Support Questions

Find answers, ask questions, and share your expertise
Announcements
Celebrating as our community reaches 100,000 members! Thank you!

DataNode stopped and not starting now with - Failed to add storage for block pool

avatar
New Contributor

One datanode went down and while starting it failing with following errors:

WARN common.Storage (DataStorage.java:addStorageLocations(399)) - Failed to add storage for block pool: BP-441779837-135.208.32.109-1458040734038 : BlockPoolSliceStorage.recoverTransitionRead: attempt to load an used block storage: /opt/app/data11/hadoop/hdfs/data/current/BP-441779837-135.208.32.109-1458040734038

FATAL datanode.DataNode (BPServiceActor.java:run(878)) - Initialization failed for Block pool <registering> (Datanode Uuid unassigned) service to <HOST/IP>:8020. Exiting.

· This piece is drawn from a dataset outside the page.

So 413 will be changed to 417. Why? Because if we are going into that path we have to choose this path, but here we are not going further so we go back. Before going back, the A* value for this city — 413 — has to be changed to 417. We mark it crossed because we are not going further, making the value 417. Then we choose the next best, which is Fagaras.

java.io.IOException: All specified directories are failed to load. at org.apache.hadoop.hdfs.server.datanode.DataStorage.recoverTransitionRead(DataStorage.java:478) at org.apache.hadoop.hdfs.server.datanode.DataNode.initStorage(DataNode.java:1336) at org.apache.hadoop.hdfs.server.datanode.DataNode.initBlockPool(DataNode.java:1301) at org.apache.hadoop.hdfs.server.datanode.BPOfferService.verifyAndSetNamespaceInfo(BPOfferService.java:314) at org.apache.hadoop.hdfs.server.datanode.BPServiceActor.connectToNNAndHandshake(BPServiceActor.java:225) at org.apache.hadoop.hdfs.server.datanode.BPServiceActor.run(BPServiceActor.java:866) at java.lang.Thread.run(Thread.java:745)

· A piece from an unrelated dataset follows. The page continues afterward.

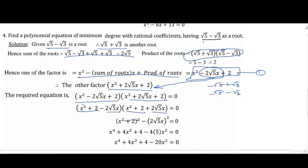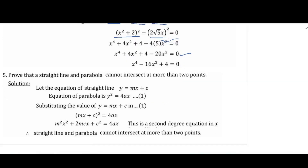If we simplify, just simplify and multiply the equation, we get x squared minus 2√5 x plus 2 = 0 as the required equation. We will see you in the next video.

FATAL datanode.DataNode (BPServiceActor.java:run(878)) - Initialization failed for Block pool <registering> (Datanode Uuid unassigned) service to <HOST/IP>:8020. Exiting.

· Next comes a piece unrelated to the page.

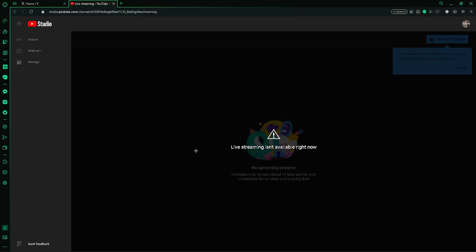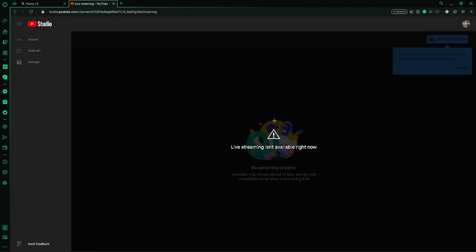Hey guys, welcome back to another video. Say you open your live streaming and you see this: 'Live streaming isn't available right now.' I'll teach you two ways to fix this because there might be some problems.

org.apache.hadoop.util.DiskChecker$DiskErrorException: Too many failed volumes - current valid volumes: 10, volumes configured: 11, volumes failed: 1, volume failures tolerated: 0 at org.apache.hadoop.hdfs.server.datanode.fsdataset.impl.FsDatasetImpl.<init>(FsDatasetImpl.java:261) at org.apache.hadoop.hdfs.server.datanode.fsdataset.impl.FsDatasetFactory.newInstance(FsDatasetFactory.java:34) at org.apache.hadoop.hdfs.server.datanode.fsdataset.impl.FsDatasetFactory.newInstance(FsDatasetFactory.java:30) at org.apache.hadoop.hdfs.server.datanode.DataNode.initStorage(DataNode.java:1349) at org.apache.hadoop.hdfs.server.datanode.DataNode.initBlockPool(DataNode.java:1301) at org.apache.hadoop.hdfs.server.datanode.BPOfferService.verifyAndSetNamespaceInfo(BPOfferService.java:314) at org.apache.hadoop.hdfs.server.datanode.BPServiceActor.connectToNNAndHandshake(BPServiceActor.java:225) at org.apache.hadoop.hdfs.server.datanode.BPServiceActor.run(BPServiceActor.java:866) at java.lang.Thread.run(Thread.java:745)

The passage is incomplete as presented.